CALL4のことは、SNS経由で偶然に知ったのだという。
「難民支援協会の広報の方のSNSで流れてきて。元々、カメルーンの方の事件を知識としては知っていましたし、その3カ月程前の2018年11月にも、ちょうど弁護士さんと一緒に、牛久にある入管(入国管理局)に、収容者の方の取材に行っていたんですね」
地獄と呼ばれる場所
「その年の5月、難民認定申請中に収容されてしまった、トルコ出身のクルド人男性をインタビューしていたんです」
そう話して、安田さんはプラスチック製のストローを断り、アイスティーを直接グラスから口にした。
「そして翌2月の記事公開とほぼ同時期に、カメルーン人男性の死亡事件を担当する弁護士、児玉さんのストーリー記事をCALL4で読んで、寄付しました。twitterでもシェアして支援を呼び掛けたんだったと思います」
私たちがお礼を伝えると、安田さんは「ささやかではありますが」と言い、話を続けた。
「私の取材したクルド人男性は、日本に難民申請をしてやって来て、日本人のパートナーと出会って結婚。奥さんは妊娠中だったのですけど、強制収容されてしまって。6カ月強の長期収容を終える時にお会いしたんです」
その時に、彼にこう告げられたのだという。
「自分は、日本が凄く好きだ。そして、日本で出会ってきた方が大好きだ」
「ただ、入国者収容所だけが、自分にとって地獄だった」
安田さんは目を開いて、まっすぐにこちらを見た。入管という密室で起きていることを、我々日本に住む人のほとんどは知らない。何が起きていて、収容されている人々は何を感じているのか。情報が表に出てくることは、ほとんどない。

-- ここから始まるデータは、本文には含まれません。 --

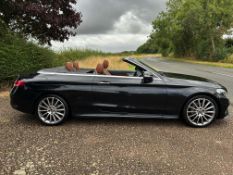 MERCEDES C220 D 2.1 AUTO G-TRONIC AMG LINE CONVERTIBLE (17 REG) EURO 6 * ONLY 78K MILES !!!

「知らないままにしておくと、力を持っている側のやりたい放題になってしまう、というような言い方を彼はしていました」
「自分は仮放免されたから赤ちゃんに会えた。けれども出産直前に収容され、赤ちゃんにまだ触れられてもいない収容者も、まだ牛久に残っている。その状況を改善するには、知ってもらうしかないんだ。そう話す彼のその言葉が、まだ胸に残っていたんです」
2014年3月30日、その茨城県牛久市の入国者収容所において、収容中のカメルーン人男性が「I’m dying(死にそうだ)」と胸の痛みを訴え、ベッドから転倒して転げ回っているのを入管職員が監視しながら、「異常なし」として7時間放置し、死に至らせた事件。遺族である男性の母により、2017年9月に賠償請求訴訟が提起された。
「本来は国が責任を持って管理する施設で、ああいう亡くなり方をすること自体が異常だと思うので、私たちはまずは知らなくてはいけない」
「そして私には裁判の専門知識はなくても、今、裁判に向き合っている弁護士さんなり、当事者のご遺族の方々なり、またご遺族を支えている方々を、寄付で少しでも支えることは出来るんじゃないか。そう思いました」
自分の役割と分担
初夏の夕暮れ、既にアイスティーの氷は解け、グラスを曇らせていた。私は聞いた。
──安田さんの周囲には、難民の悲惨な話も多く、ご自身、それを変えていく活動を懸命にされている。そうすると、他の方を応援している場合じゃない、とはならないんでしょうか?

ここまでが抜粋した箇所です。